Financement de l'économie. Les détails du mémorandum envoyé à Benkirane
Un mémorandum sur la relance du financement a été envoyé le 2 juin par le trio Jouahri-Bensalah-Benjelloun au chef du gouvernement. Il liste cinq grandes problématiques et propose des pistes pour les régler.
"Il n’apporte rien de nouveau. Tout ce qu’il propose est déjà connu", nous déclare une source proche de Abdelilah Benkirane, au sujet du mémorandum sur l’amélioration du financement à l’économie, rédigé par Bank Al Maghrib, la CGEM et le GPBM et envoyé au chef du gouvernement début juin.
Une réponse est en train d'être préparée par le gouvernement, sous l'égide de Benkirane et avec l'implication de Mohamed Boussaid, ministre de l'Economie et des finances.
Si le mémorandum vient d’être envoyé, il y a à peine une quinzaine de jours, le fait générateur remonte au 26 janvier 2016, en marge d’une réunion de la commission tripartite réunissant Abdellatif Jouahri, Meriem Bensalah et Othmane Benjelloun, au sujet de la décélération des crédits à l’entreprise.
Selon nos sources, le mémorandum liste cinq grandes problématiques qui freinent, selon ses rédacteurs, le développement du financement de l’économie. Il propose également des solutions, dont certaines "ont un caractère urgent".
1-Les difficultés de trésorerie des entreprises: le point est mis encore une fois sur les problèmes d’applicabilité de la loi 32-10 sur les délais de paiement et l’urgence d’adopter la réforme validée en Conseil de gouvernement en mars 2016.
Les trois institutions demandent également la mise en place d’un médiateur national, chargé des délais de paiement, aussi bien interentreprises qu’entre les entreprises et l’Etat.
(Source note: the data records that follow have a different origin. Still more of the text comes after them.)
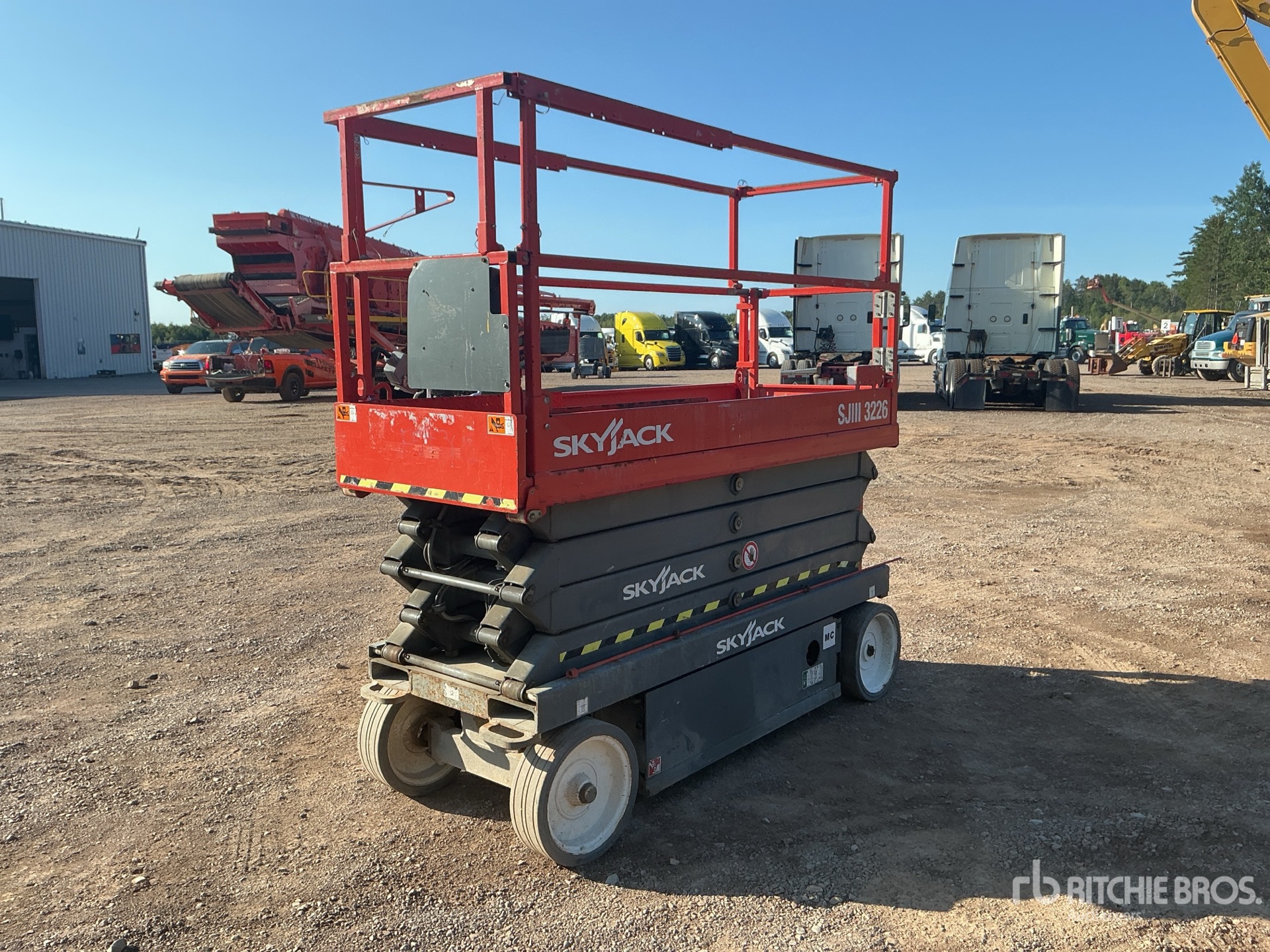 2019 Skyjack SJ III 3226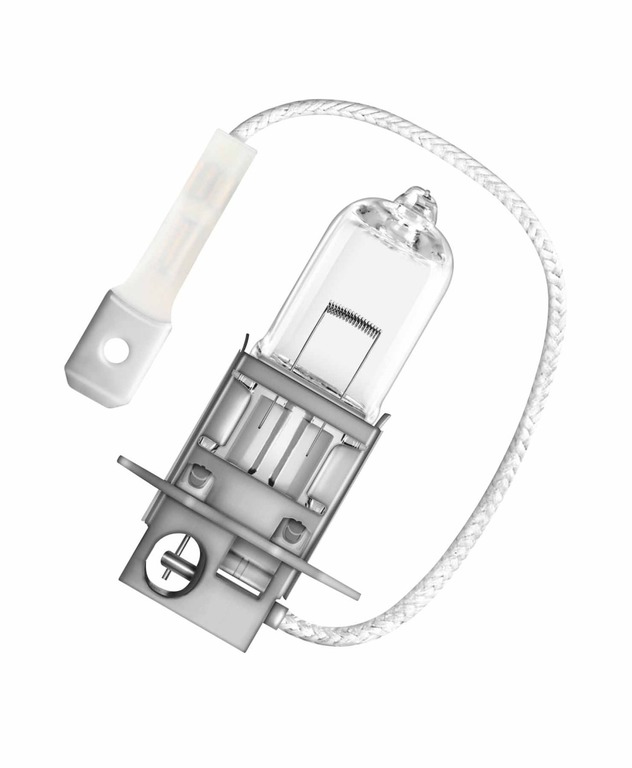 OSRAM | H3 64151 Halogen | Лампа H3 12V 55W  | превью 2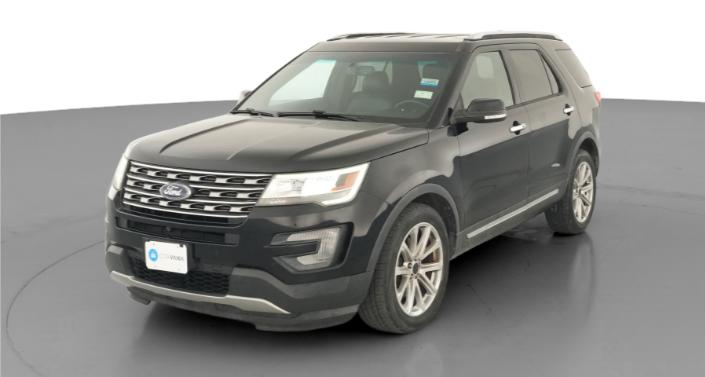 Thumbnail: 2017 Ford Explorer - 1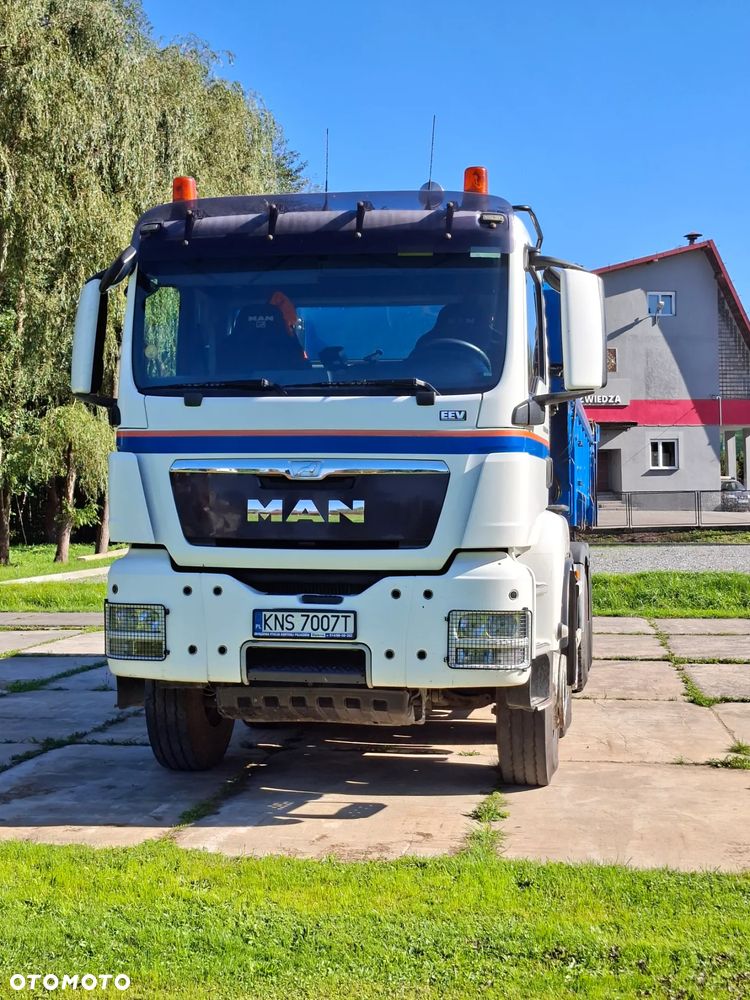 MAN TGS - 2
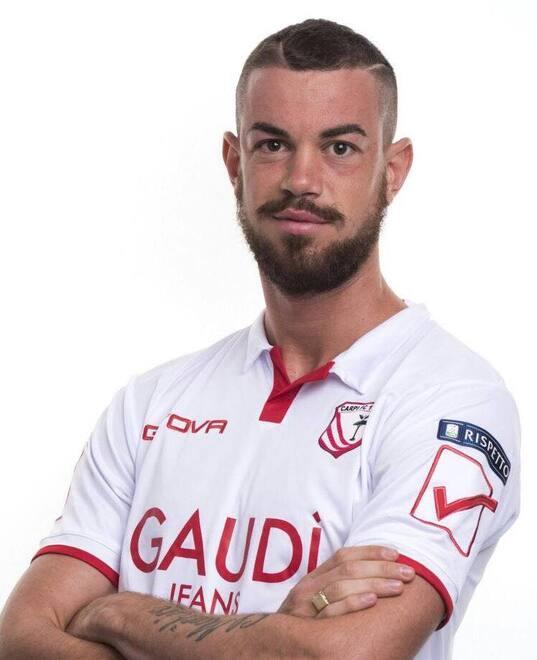 Carpi Accusato di un pugno al calciatore Sabbione ma il buttafuori viene assolto 
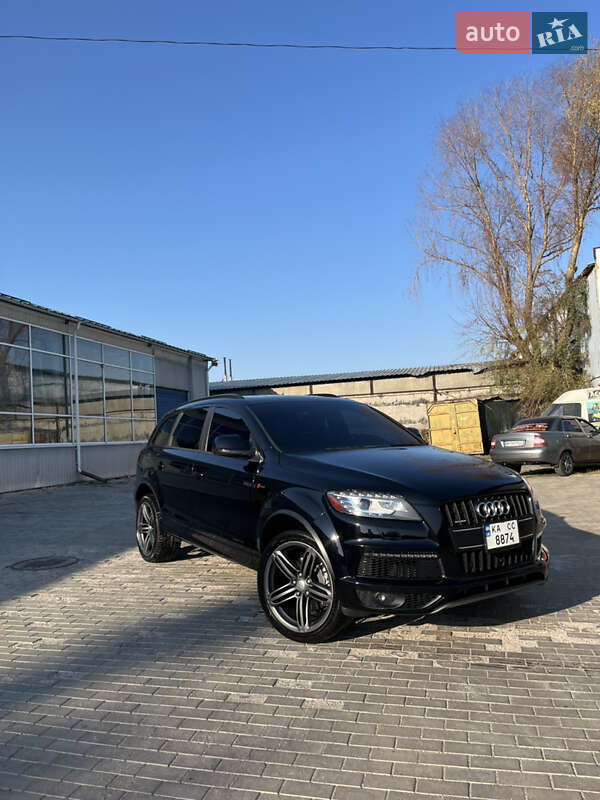 2013 audi q7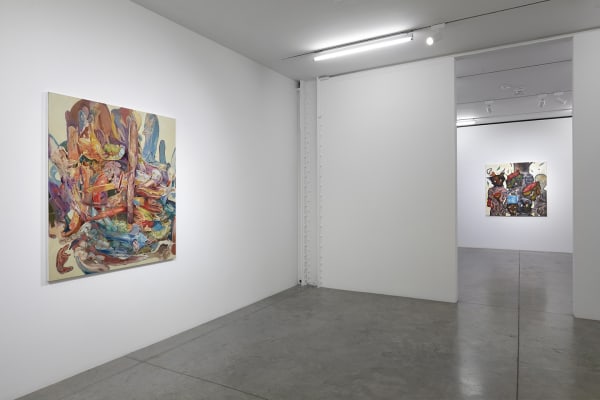 The Science of Freedom: Curated by Sasa Bogojev, June 6 – July 13, 2024. Courtesy of the artist and albertz benda, New York. Photo: Thomas Müller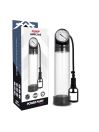 PUMP ADDICTED BOMBA ERECCION RX9 TRANSPARENTE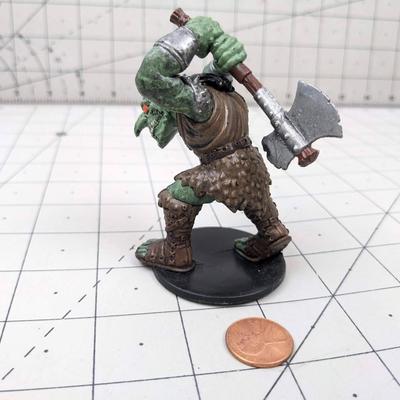 #564 DND Figure: Skalmad the Troll King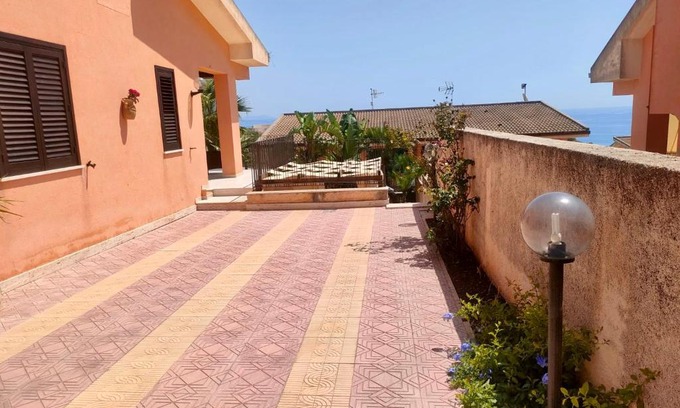 Sciacca Villa | VILLA DELICE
Elles rappellent en outre la nécessité de se pencher sur l’apurement des arriérés des créances des entreprises sur l’Etat et les établissements publics enregistrés avant l’adoption de la réforme en cours.
Ce mémorandum traite aussi de la problématique des retenues de garantie de 10% conservées par les maîtres d’ouvrage et devant être restituées au moment de la réception définitive. Il propose qu’en cas de maintien de la retenue de garantie, la décision soit accompagnée d’une justification, à même de limiter les cas d’abus.
En ce qui concerne le crédit de TVA, le mémorandum met en avant la possibilité pour les banques de financer le butoir non encore remboursé, afin d’alléger la trésorerie des entreprises créancières. Encore faut-il que les modalités de mobilisation de ces créances soient arrêtées par la DGI et le GPBM pour le reliquat des créances agréées au titre de 2016-2017, précise-t-il.
2-L’accès des TPME à la commande publique. Il est proposé de dupliquer la démarche menée actuellement entre la CGEM et la Trésorerie générale du Royaume, pour le suivi de l’application des dispositions du décret sur la passation des marchés publics. Ce dernier prévoit que 20% de la commande profitent à des TPME.
3-Le faible impact des stratégies sectorielles. Le mémorandum s’interroge explicitement sur l’impact réel des stratégies sectorielles, en appelant à la mise en place de mécanismes d’évaluation à même de procéder à des ajustements si nécessaire. Il pose également la question du faible rendement de l’investissement public (environ 190 milliards de DH programmés en 2016).
4-L’aide aux entreprises en difficulté. La création d’un comité public-privé pour étudier la création d’un fonds de restructuration dédié aux difficultés conjoncturelles est une idée formulée dans le mémorandum. Ce fonds pourrait agir par voie de recapitalisation ou de restructuration financière.
5- Besoins spécifiques de financement. Le mémorandum appelle à ouvrir la voie aux banques pour le financement des collectivités locales, soit en créant des consortiums avec le FEC (Fonds d’équipement communal) pour les grands projets, soit en solo, mais en les faisant bénéficier des avantages légaux dont jouit le FEC.
Pour ce qui est de l’agriculture, le mémorandum recommande d’étendre la subvention étatique accordée aux agriculteurs à toutes les banques -en plus du Crédit Agricole-, et de penser à une offre de produits d’assurances adapté.
En matière de titrisation des prêts immobiliers, la note propose la mise en place d’un organisme de garantie de produits titrisés immobiliers, afin de permettre une liquidité au niveau de ce marché.
Il appelle également à une adoption rapide du projet de réforme du droit des sûretés mobilières, en précisant le classement des différents créanciers, avant la mise du texte dans le circuit législatif.